En effet, selon la Banque mondiale, on estime que la propagation du Covid-19 «a fait basculer 88 à 115 millions de personnes supplémentaires dans l'extrême pauvreté en 2020, le total atteignant 150 millions en 2021». C'est pourquoi l'observateur permanent a exhorté à promouvoir «des politiques capables de garantir le travail pour tous, dans le respect des droits de l'homme», afin que «les gens puissent voir leur dignité et leur reconnaissance sociale renforcées».
Lutter contre le fléau de l’exploitation sexuelle
Toujours le 15 juin, Mgr Urbańczyk a analysé un autre phénomène dramatique lié au trafic, à savoir l'exploitation sexuelle, un authentique «fléau qui fait des victimes dans tous les coins de la terre, chaque jour», et contre lequel «nous ne pouvons plus reporter les mesures capables de l'éradiquer». À l'origine, a expliqué le prélat, il y a «un manque de culture qui dégrade le corps de l'autre, principalement celui des femmes et de plus en plus celui des enfants, en en faisant un objet utilisable et en refusant la dignité humaine à ceux qui sont considérés comme inférieurs», également à travers «un langage qui humilie les personnes, confond les situations, minimise le problème et suscite une demande qui alimente une chaîne économico-criminelle».

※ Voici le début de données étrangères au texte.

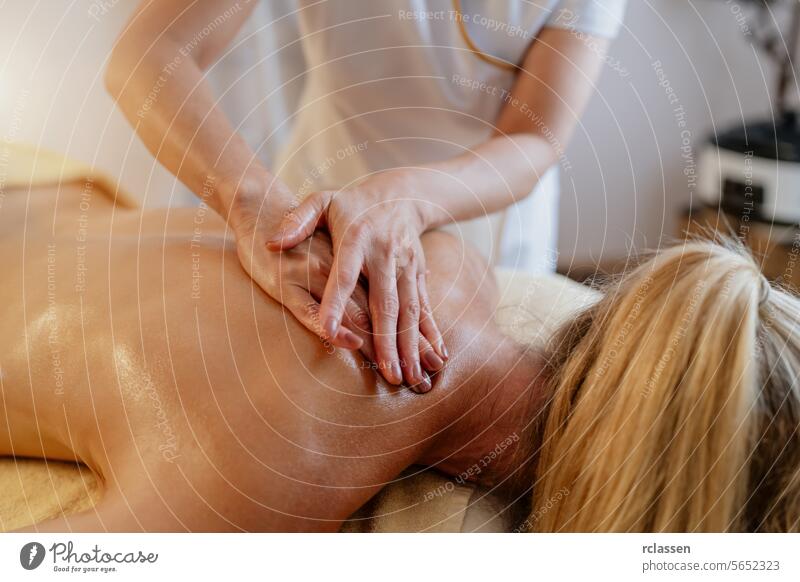 Close-up of a massage therapist's hands applying pressure on a client's back. beauty salon Wellness Hotel Concept image massage therapy back pressure relaxation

Afin de contrer cette banalisation de la prostitution, l'Observateur permanent a indiqué deux voies possibles: d'une part, celle de «promouvoir une culture du respect et de la dignité, accompagnée d'une sensibilisation et d'une formation constantes»; d'autre part, celle d'une «législation de plus en plus rigoureuse pour réprimer l'exploitation sexuelle et promouvoir des instruments de protection pouvant soutenir les victimes». Dans ce contexte, le contrôle capillaire des «transactions monétaires» devient central également parce que, «grâce à l'ingéniosité et à la force économico-financière du crime», le trafic a impliqué le monde du web. Dans ce domaine également, il est urgent d'agir, a fait remarquer Mgr Urbańczyk, afin qu'Internet et les réseaux sociaux «favorisent la dignité de la personne humaine et ne deviennent pas un moyen qui alimente la violation des droits de l'homme».
Là encore, le prélat a rappelé l'engagement de longue date de l'Église catholique en faveur de la protection des victimes de l'exploitation sexuelle, ainsi que de l'éducation des personnes «afin que les stéréotypes véhiculés par la société puissent être dépassés». Ce sont «de petites gouttes dans un océan», a conclu le représentant du Saint-Siège, mais elles peuvent produire des exemples vertueux à diffuser dans la société civile, afin de «rendre plus efficace la lutte contre la demande qui alimente la traite des êtres humains».
Renforcer la coopération multilatérale
Hier, enfin, lors de la séance de clôture de la Conférence, le prélat a exigé de trouver de toute urgence «le courage et la volonté de changer les défauts de notre système économique», «de renouveler les réglementations et les instruments capables d'avoir une vision plus large», en investissant «plus que jamais dans les personnes plutôt que dans les profits», en limitant «la concentration du pouvoir et des richesses dans les mains de quelques-uns, et en renforçant la coopération multi et bilatérale qui prévient la violence et les conflits».